• [Exercise instructions] Every line of the data below should be repeated exactly, and no picture should be copied.

○ ○ ○

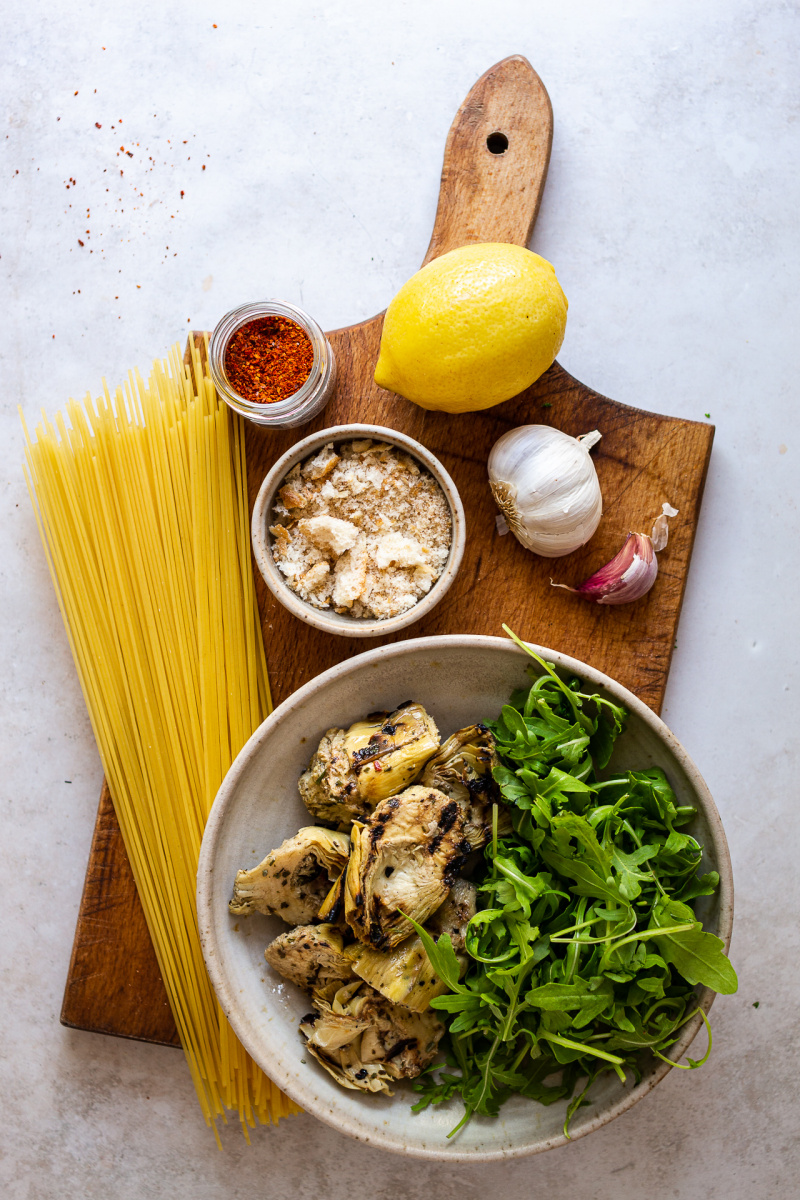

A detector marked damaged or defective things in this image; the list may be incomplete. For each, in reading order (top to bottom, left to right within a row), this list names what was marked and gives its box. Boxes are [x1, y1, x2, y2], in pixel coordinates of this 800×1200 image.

charred artichoke [298, 700, 441, 825]
charred artichoke [419, 724, 513, 849]
charred artichoke [226, 825, 347, 926]
charred artichoke [343, 782, 470, 950]
charred artichoke [262, 921, 352, 988]
charred artichoke [298, 979, 443, 1094]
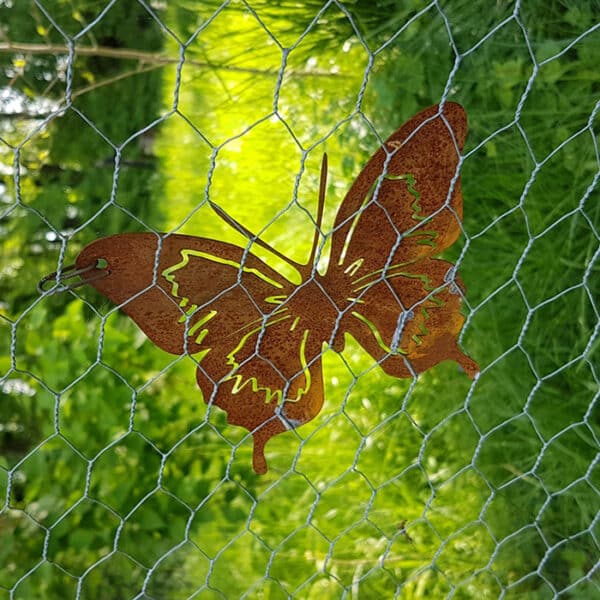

○ ○ ○

• [Solution to the problem]
A detector marked damaged or defective things in this image; the list may be incomplete. For each, in reading order (top to bottom, left to right within a row), this list names what was marked and gives its box. Boxes are [x1, y1, x2, y2], in pixel coordinates of this 800×1200 image.

charred artichoke [298, 700, 441, 825]
charred artichoke [419, 724, 513, 849]
charred artichoke [226, 825, 347, 926]
charred artichoke [343, 782, 470, 950]
charred artichoke [262, 921, 352, 988]
charred artichoke [298, 979, 443, 1094]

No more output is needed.